*** Opening of RECORDS FOR THE EXERCISE ***

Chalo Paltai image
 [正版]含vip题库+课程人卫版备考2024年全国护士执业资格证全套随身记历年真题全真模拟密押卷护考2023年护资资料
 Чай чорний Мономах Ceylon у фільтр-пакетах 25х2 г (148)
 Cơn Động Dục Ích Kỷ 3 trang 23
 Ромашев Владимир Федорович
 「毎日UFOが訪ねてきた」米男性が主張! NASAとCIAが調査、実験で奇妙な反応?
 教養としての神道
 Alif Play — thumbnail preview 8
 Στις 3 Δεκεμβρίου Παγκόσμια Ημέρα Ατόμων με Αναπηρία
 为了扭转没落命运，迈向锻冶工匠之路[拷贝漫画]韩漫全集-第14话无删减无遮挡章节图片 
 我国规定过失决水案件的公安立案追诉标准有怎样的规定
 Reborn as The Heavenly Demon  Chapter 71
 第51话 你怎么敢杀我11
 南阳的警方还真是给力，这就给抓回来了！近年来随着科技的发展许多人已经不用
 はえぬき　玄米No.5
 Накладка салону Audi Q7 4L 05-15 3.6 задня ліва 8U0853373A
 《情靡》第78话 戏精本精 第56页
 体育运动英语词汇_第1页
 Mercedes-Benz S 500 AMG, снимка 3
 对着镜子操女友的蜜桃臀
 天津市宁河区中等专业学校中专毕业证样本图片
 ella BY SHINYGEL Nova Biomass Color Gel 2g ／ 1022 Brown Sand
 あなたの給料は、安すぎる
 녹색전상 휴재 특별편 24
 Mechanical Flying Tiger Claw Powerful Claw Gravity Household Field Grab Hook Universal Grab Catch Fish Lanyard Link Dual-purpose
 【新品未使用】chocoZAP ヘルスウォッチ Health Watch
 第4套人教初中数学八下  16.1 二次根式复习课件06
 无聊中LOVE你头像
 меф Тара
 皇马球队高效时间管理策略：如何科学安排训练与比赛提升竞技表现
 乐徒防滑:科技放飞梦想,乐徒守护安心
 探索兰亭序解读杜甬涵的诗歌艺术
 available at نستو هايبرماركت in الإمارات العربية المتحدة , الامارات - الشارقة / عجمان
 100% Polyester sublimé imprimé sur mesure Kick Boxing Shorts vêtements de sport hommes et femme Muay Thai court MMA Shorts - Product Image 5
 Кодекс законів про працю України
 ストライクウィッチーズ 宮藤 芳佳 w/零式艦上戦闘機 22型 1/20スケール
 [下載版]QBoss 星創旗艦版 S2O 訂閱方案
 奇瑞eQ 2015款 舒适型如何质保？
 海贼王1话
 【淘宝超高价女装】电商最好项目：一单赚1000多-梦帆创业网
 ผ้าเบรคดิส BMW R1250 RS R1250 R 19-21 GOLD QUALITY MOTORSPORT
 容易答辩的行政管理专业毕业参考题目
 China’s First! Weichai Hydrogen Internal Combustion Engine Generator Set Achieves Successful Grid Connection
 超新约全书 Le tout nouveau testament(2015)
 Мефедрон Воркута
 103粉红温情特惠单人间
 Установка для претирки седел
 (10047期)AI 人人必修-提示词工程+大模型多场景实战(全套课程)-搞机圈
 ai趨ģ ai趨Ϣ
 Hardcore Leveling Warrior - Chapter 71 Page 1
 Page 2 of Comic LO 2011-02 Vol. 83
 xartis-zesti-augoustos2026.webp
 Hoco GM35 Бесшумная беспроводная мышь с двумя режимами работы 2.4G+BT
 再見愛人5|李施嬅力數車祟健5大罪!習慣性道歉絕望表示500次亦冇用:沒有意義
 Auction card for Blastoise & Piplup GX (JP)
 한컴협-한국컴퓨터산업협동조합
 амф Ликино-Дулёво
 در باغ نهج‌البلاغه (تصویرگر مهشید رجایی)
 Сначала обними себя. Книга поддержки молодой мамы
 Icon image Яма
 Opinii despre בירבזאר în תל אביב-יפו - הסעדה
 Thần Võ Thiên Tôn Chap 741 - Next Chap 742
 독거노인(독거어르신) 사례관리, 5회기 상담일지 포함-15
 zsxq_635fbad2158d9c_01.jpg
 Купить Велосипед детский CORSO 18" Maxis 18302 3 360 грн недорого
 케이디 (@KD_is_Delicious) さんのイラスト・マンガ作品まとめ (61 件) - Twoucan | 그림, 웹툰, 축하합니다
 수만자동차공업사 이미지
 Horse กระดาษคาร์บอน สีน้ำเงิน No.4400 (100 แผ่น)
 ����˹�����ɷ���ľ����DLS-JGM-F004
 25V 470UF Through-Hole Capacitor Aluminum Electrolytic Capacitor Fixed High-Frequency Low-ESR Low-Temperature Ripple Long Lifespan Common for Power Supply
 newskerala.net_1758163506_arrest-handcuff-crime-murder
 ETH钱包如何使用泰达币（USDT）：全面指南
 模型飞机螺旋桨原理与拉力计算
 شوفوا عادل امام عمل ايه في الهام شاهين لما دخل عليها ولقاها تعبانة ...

*** Close of RECORDS FOR THE EXERCISE ***

- REQUIRED ACTION
Give the number of lines in the data above that include the word "Chapter", with no other words.

- WRITTEN ANSWER
2